Action item: Exact copy, pictures omitted: the line holding "Virco 9000 Series" and every line after it down to the end of the entries.

== == ==

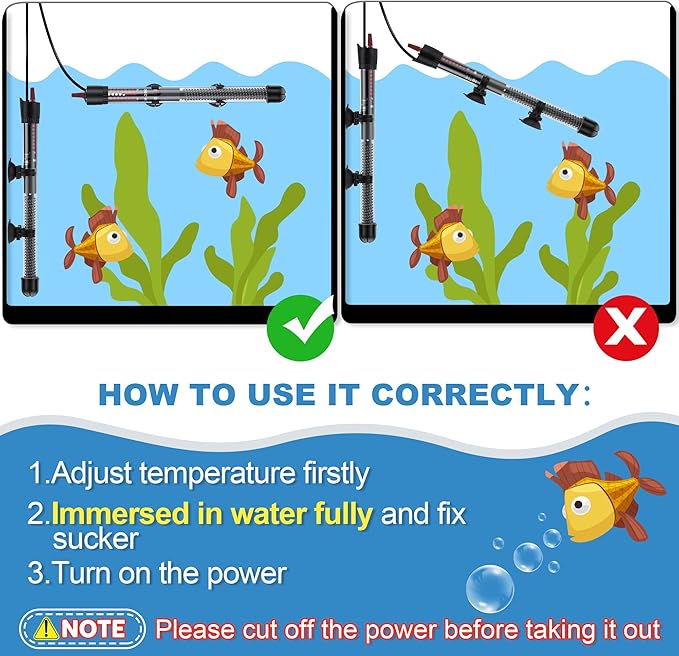 Dreyoo 2 Set 300W Submersible Aquarium Heater, Adjustable Aquarium Fish Tank Heater with 4 Thermometers Stickers and Suckers, Adjustable Knob Thermostat for Marine Saltwater and Freshwater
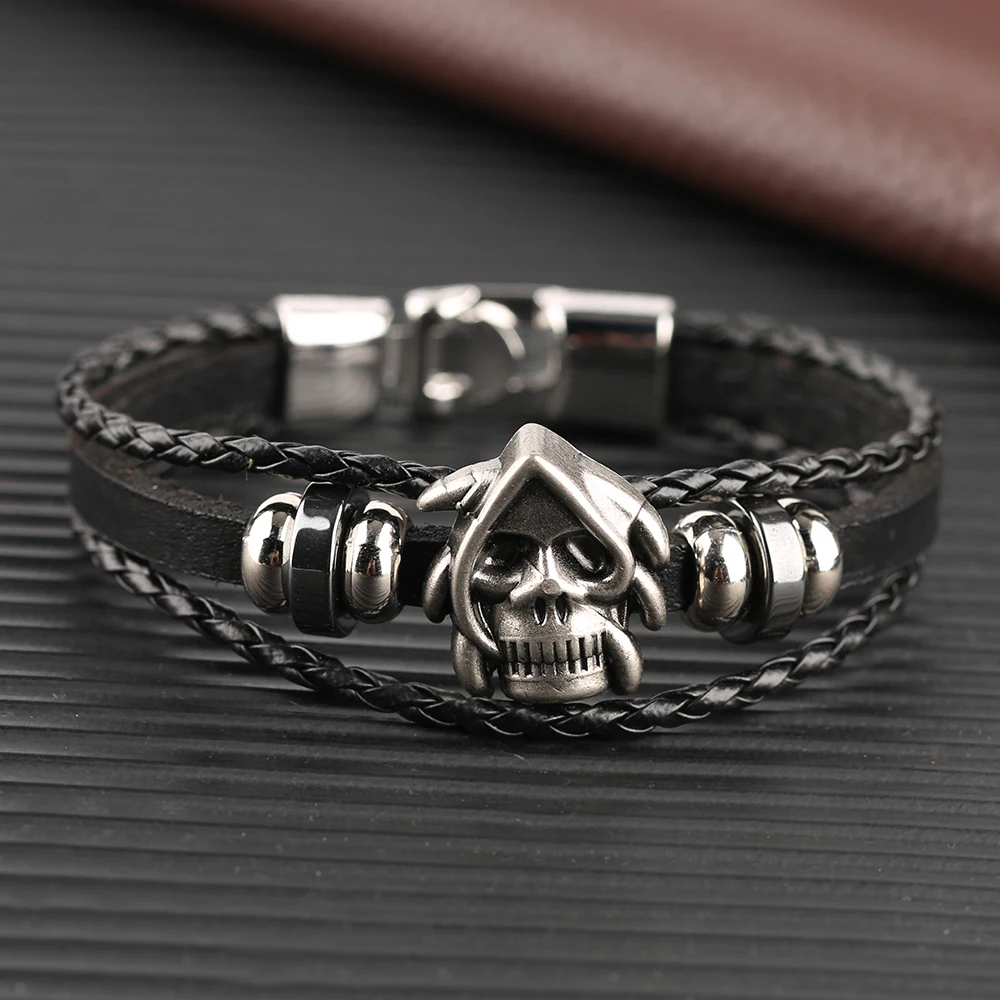 

Alloy Silver Punk Black Leather Bracelets Male Skeleton Theme Bangles Sport Street Boy Steampunk Bracelet Charming Cool Boy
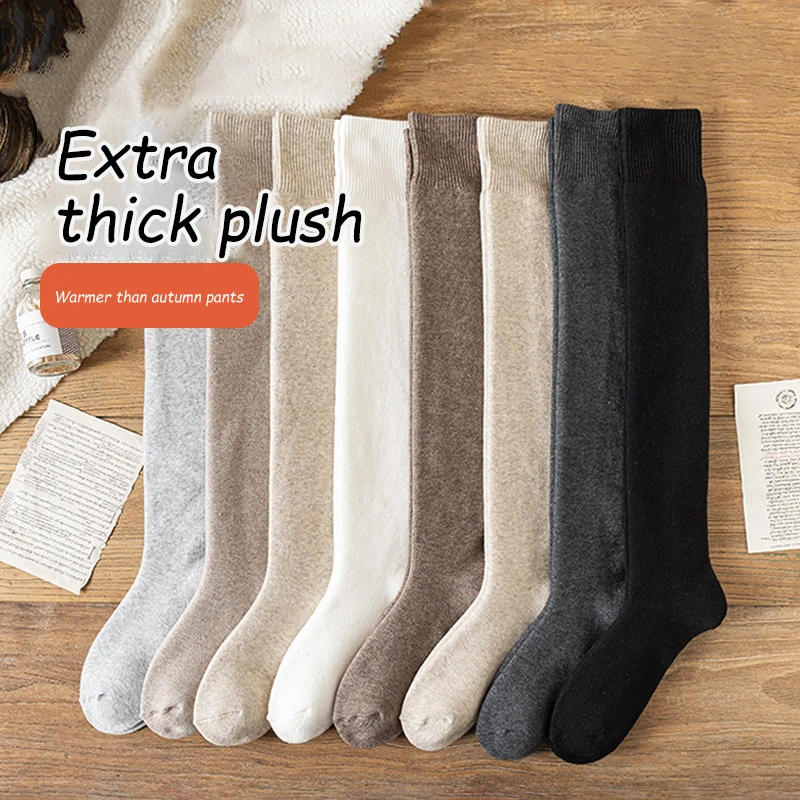 1Pair Women Winter Stockings Protecting Knees Tight Thickened Loops Inner Warm Slim Long Sockings Towel Loop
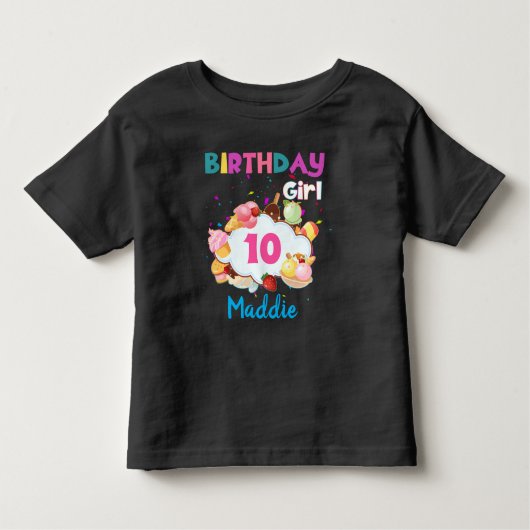 アイスクリームコーンカラフル誕生日ガールマッチング トドラーTシャツ (正面)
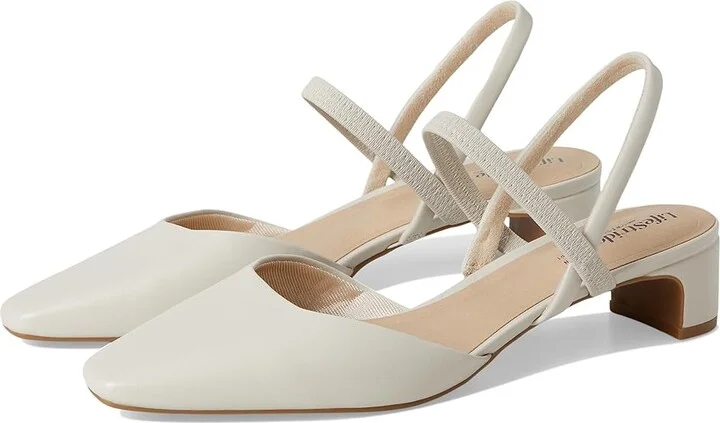 LifeStride Lainey Women's Sandals Bone Faux Leather : 6 W (C), Leather/Rubber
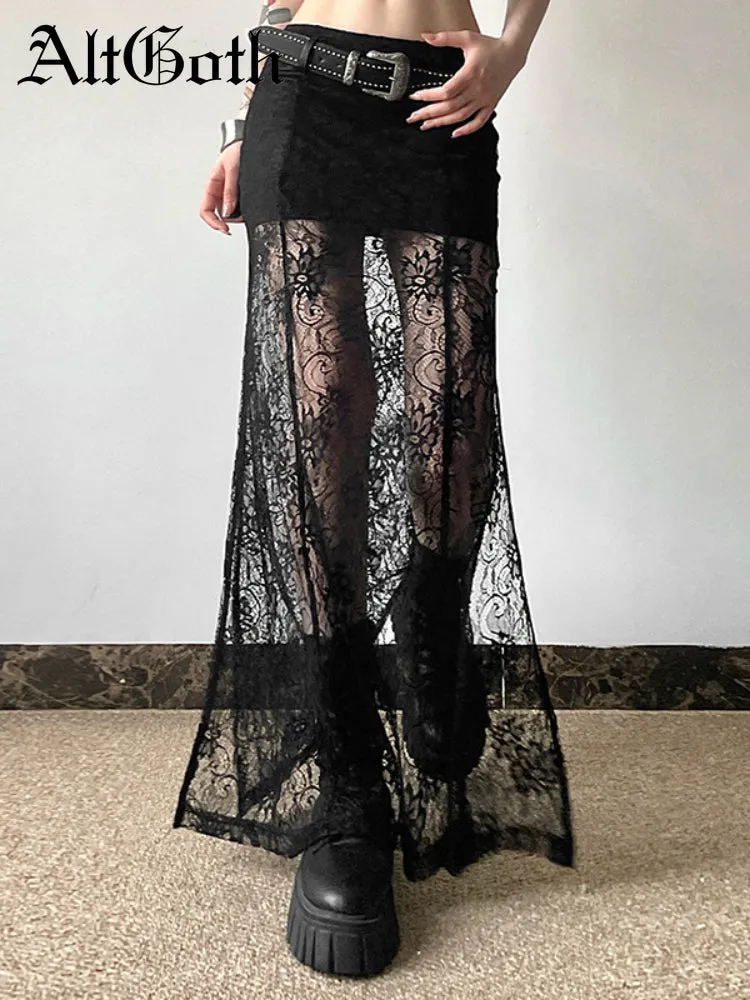 JazzHer Fairy Grunge See Through Skirt Women Streetwear Dark Gothic Lace Patchwork High Waist Skirt Coquette Y2k E-girl Skirts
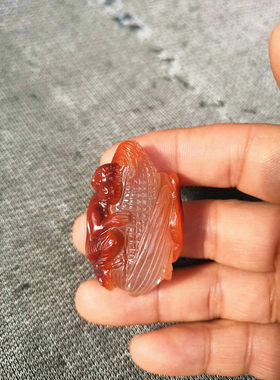 天然水晶红兔毛手工雕刻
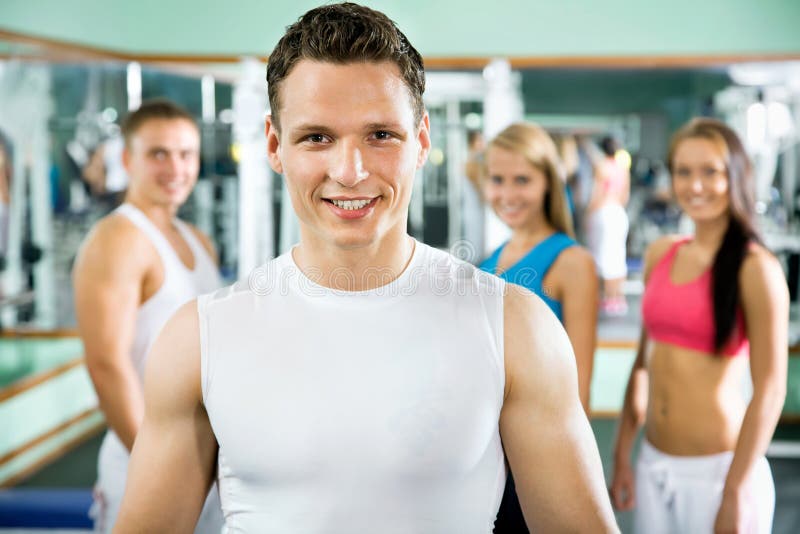 Fitness Instructor with Gym People Stock Image Image of equipment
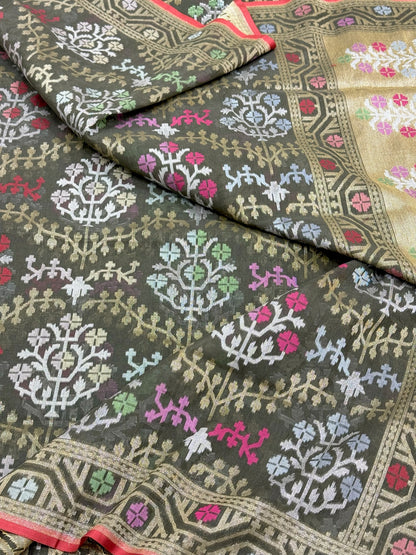 Moss Green Muslin Cotton Jamdani Ektara Weave Handloom Banarasi Saree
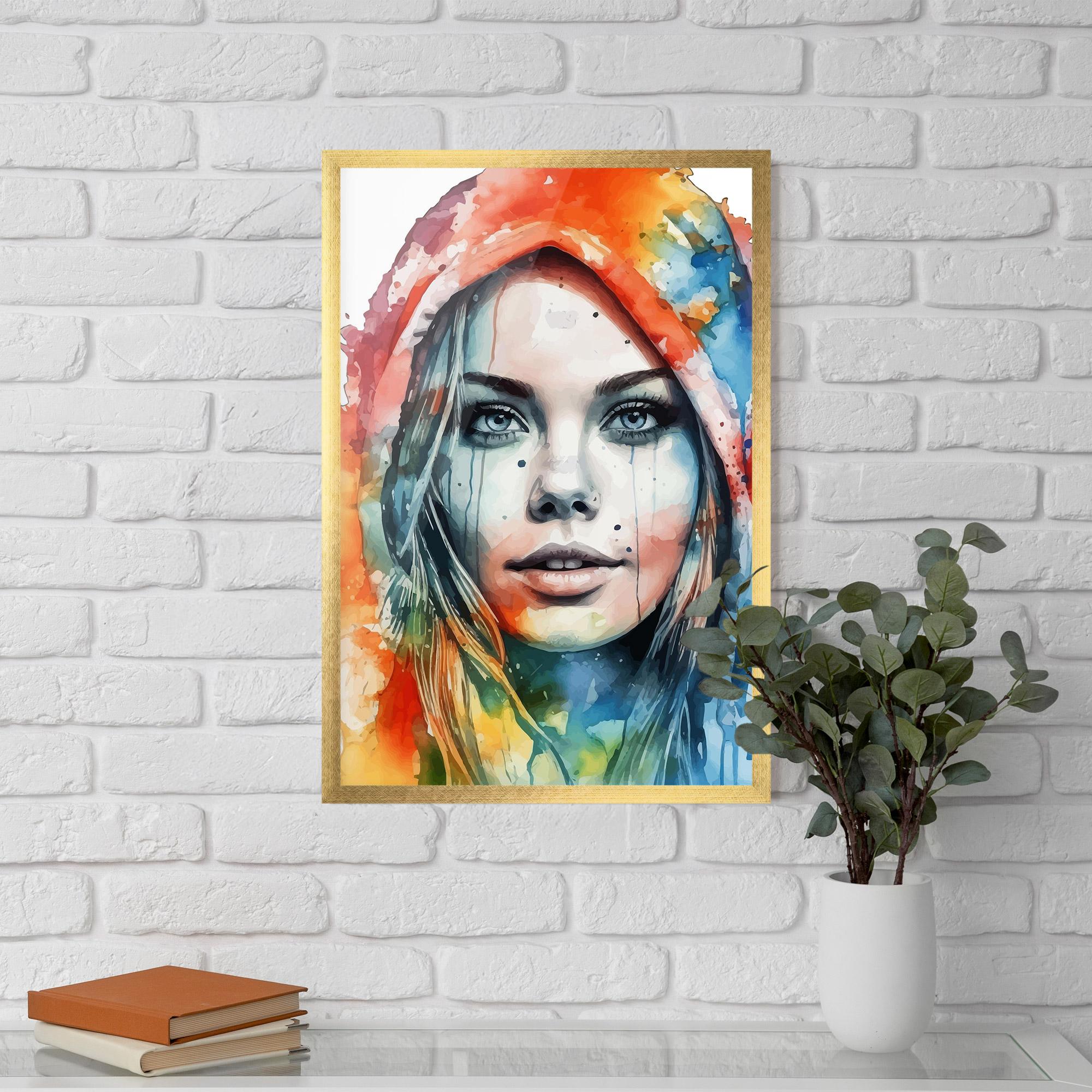 Poster Înrămat Colorful Portrait Art mockup 5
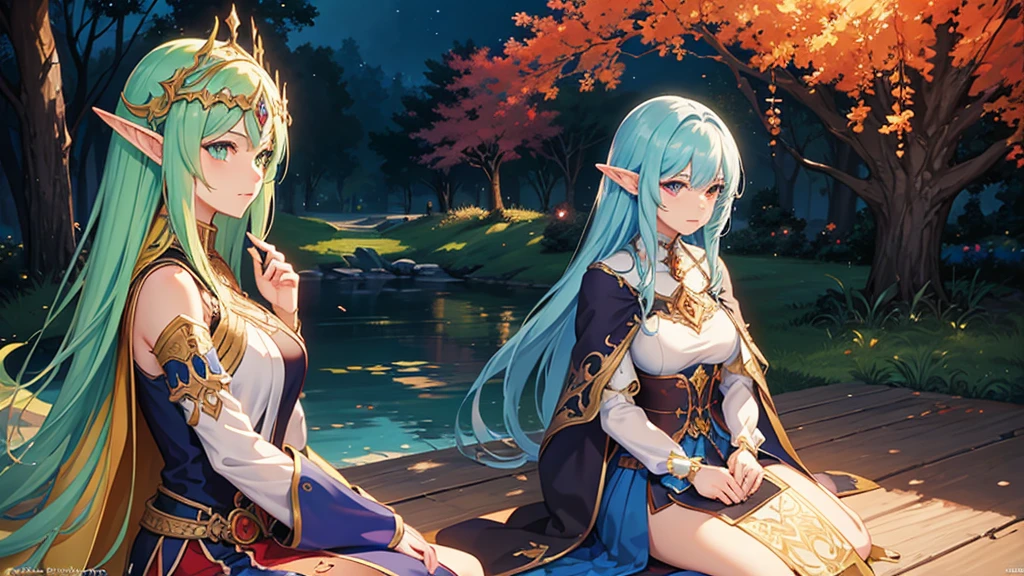 high quality、8k、Arabic style portrait of a woman sitting on a bench in front of a castle, night、full moon、Gwaise Style、neon、Beautiful fantasy anime, Detailed fantasy digital animation, Fantasy anime style, epic Fantasy anime style hd, Detailed fantasy anime, Beautiful and elegant elven queen, 2. 5d cgi anime fantasy artwork, Epic fantasy digital art style, Fantasy-style anime, Very beautiful fantasy art、16：9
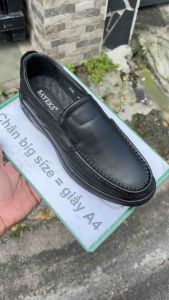 Giày tây lười công sở giày xỏ da bò big size cỡ lớn Eu:45-46 cho nam cao to chân ú bè - GT201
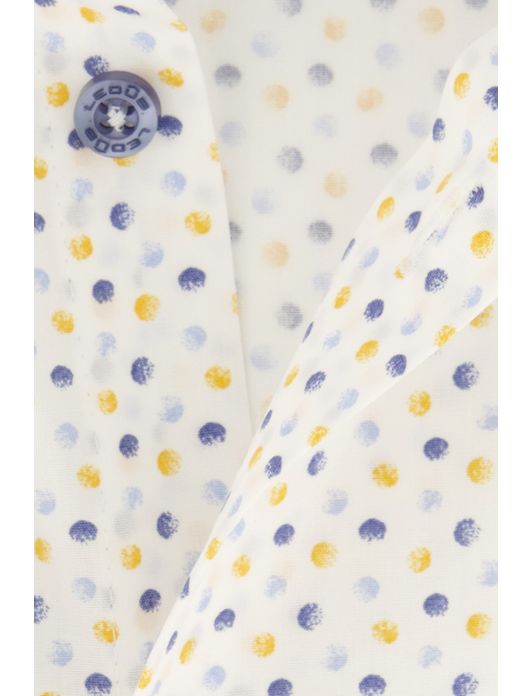 Ledub button-down overhemd geprint stippen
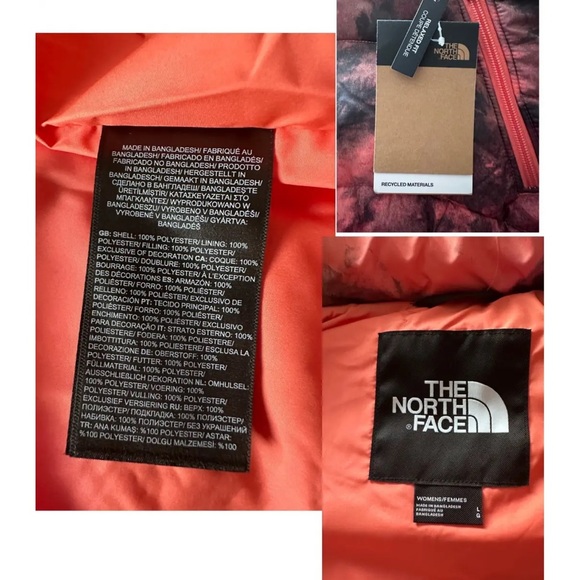 New $210 THE NORTH FACE 2000 Puffer Jacket Parka Coat in coral ice dye print - Picture 11 of 11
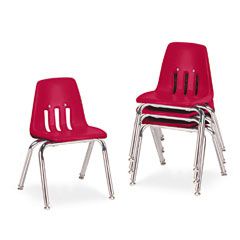 Virco 9000 Series Classroom Chairs, 14" Seat Height, Red/Chrome, 4/Carton VIR901470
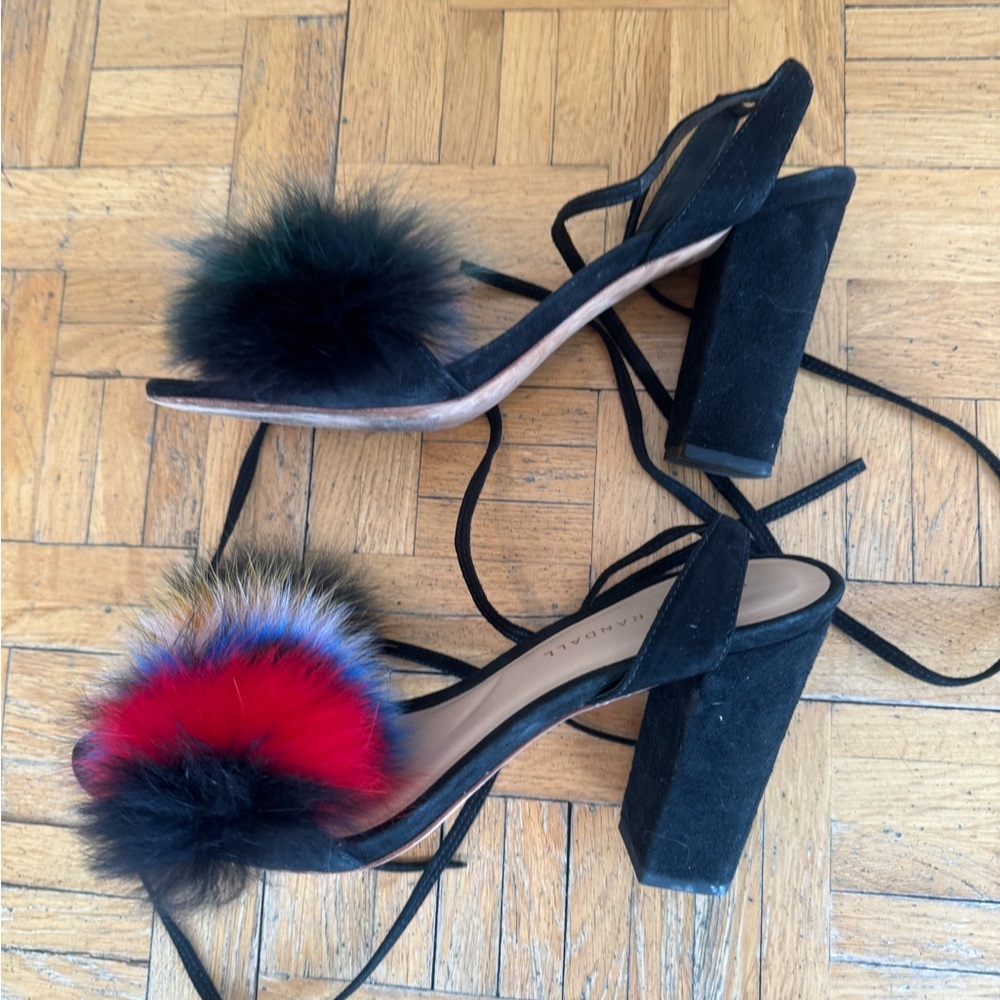 Loeffler Randall Black Heels with Colorful Pom Poms - Picture 2 of 4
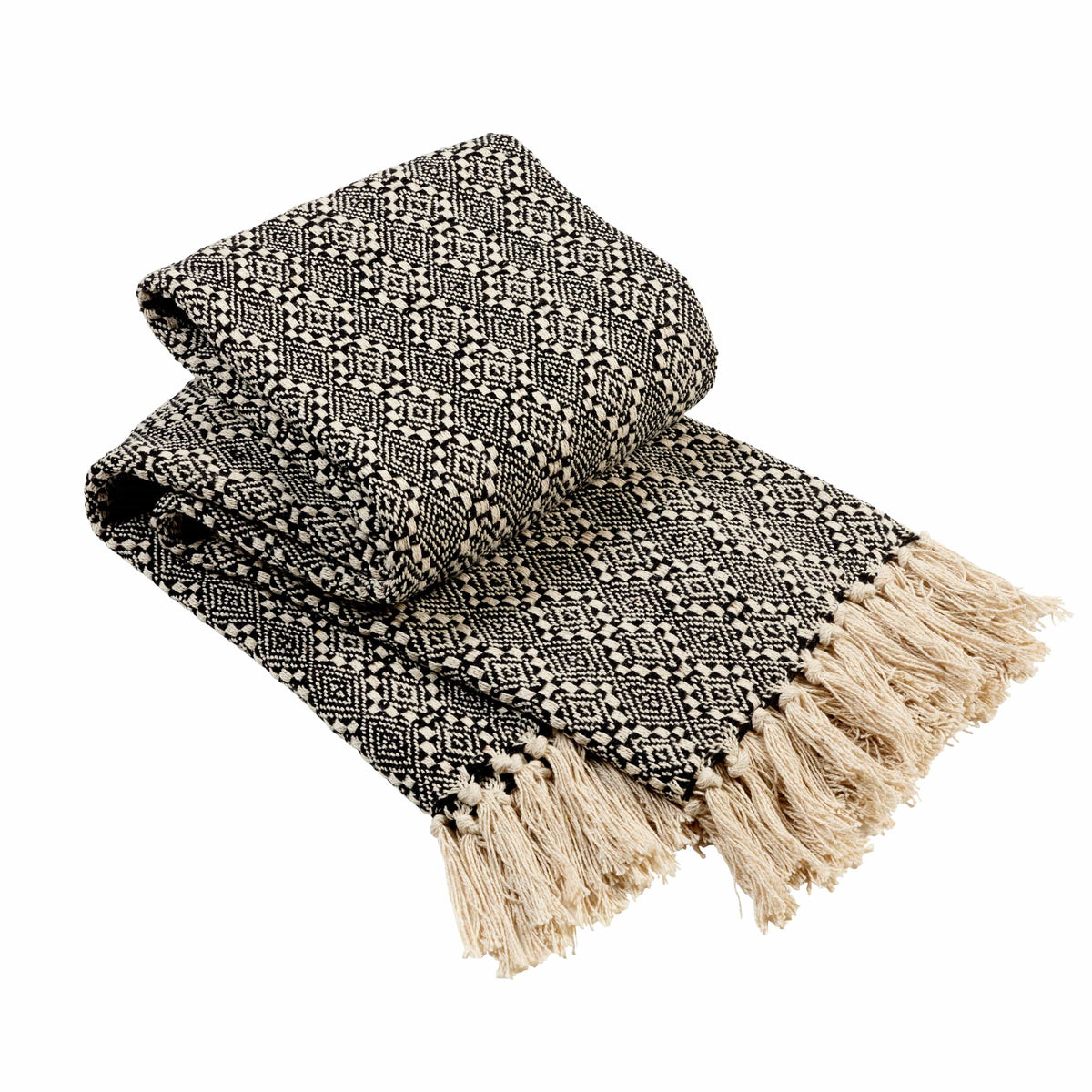 OLIVIA ROCCO Casablanca Check Design Recycled Cotton Throw Blanket With Tassels for Sofas and Beds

== == ==

Finished exercise:
 Virco 9000 Series Classroom Chairs, 14" Seat Height, Red/Chrome, 4/Carton VIR901470
 Loeffler Randall Black Heels with Colorful Pom Poms - Picture 2 of 4
 OLIVIA ROCCO Casablanca Check Design Recycled Cotton Throw Blanket With Tassels for Sofas and Beds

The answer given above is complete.